Journal Article/Book Review
duty to accomodate, bona fide occupational requirement, Meiorin, O'Malley
It has been almost a quarter of a century since the Supreme Court of Canada's decision in O'Malley incorporated the concept of the duty to accommodate into Canadian human rights law and almost a decade since that concept acquired a more prominent position in that Court's adoption of the unified test for bona fide occupational requirement (BFOR) in Meiorin. Yet, I think there remains some conceptual confusion about exactly where and how the concept fits in current Canadian human rights law.
The duty to accommodate cannot be properly understood as a stand-alone concept.
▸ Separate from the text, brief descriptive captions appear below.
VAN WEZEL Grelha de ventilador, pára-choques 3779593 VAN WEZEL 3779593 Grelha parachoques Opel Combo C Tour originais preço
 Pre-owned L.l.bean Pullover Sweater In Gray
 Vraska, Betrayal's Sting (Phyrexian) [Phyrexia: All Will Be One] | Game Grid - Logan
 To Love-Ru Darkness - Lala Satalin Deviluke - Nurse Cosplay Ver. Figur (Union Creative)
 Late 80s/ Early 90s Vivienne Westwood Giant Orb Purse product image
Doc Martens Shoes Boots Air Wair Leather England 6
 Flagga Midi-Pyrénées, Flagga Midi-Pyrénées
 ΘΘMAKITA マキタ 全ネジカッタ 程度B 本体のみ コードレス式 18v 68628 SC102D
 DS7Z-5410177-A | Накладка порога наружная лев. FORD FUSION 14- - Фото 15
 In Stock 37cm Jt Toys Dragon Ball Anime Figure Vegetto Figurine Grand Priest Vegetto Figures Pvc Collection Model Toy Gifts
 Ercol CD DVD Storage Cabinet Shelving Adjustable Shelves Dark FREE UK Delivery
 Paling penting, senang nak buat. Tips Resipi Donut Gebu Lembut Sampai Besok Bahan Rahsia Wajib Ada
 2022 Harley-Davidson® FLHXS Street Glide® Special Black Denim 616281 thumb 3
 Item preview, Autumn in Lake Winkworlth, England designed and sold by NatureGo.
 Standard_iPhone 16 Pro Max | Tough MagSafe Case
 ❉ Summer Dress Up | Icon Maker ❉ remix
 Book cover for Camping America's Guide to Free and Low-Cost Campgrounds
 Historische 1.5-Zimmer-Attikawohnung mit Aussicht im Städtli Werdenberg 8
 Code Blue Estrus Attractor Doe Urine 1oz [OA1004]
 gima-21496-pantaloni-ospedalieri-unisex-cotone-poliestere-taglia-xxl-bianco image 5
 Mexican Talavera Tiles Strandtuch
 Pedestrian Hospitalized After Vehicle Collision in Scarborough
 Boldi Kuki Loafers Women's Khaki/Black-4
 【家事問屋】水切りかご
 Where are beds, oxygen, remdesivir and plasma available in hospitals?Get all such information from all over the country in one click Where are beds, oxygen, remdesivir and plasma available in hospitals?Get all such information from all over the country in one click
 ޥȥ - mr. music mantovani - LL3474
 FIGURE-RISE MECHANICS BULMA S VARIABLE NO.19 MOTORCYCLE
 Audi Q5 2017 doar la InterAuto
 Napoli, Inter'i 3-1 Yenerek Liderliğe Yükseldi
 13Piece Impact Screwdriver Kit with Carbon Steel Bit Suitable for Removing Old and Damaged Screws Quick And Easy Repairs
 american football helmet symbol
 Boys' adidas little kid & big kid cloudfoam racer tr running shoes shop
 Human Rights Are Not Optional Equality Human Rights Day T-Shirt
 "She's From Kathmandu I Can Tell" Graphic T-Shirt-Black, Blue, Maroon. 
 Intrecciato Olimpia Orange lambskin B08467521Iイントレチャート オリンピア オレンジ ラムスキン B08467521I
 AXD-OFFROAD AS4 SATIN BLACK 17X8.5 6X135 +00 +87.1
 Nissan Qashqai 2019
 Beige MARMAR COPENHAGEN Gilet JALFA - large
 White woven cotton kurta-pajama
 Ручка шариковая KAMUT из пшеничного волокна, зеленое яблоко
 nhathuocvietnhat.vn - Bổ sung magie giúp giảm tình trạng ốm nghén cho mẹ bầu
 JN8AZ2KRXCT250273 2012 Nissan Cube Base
It should be seen as subsumed within the overarching concept of reasonable necessity as a critical part of the test for a BFOR. It is also inextricably bound up with the qualification of undue hardship. Moreover, a full appreciation of accommodation includes both individual and systemic dimensions. The duty to accommodate originated as an ad hoc notion, involving only after-the-fact tinkering. A full development of the concept of accommodation requires an appreciation of systemic aspects that have the potential for fundamental transformation of the world of work. To date, the systemic aspects of accommodation have been given only scant attention. In my assessment, as explored in this article, the lack of clarity on all of these points stems largely from the duty to accommodate concept not having fully escaped its roots.
Dianne Pothier, “How Did We Get Here? Setting the Standard for the Duty to Accommodate” (2009) 59 UNB LJ 95.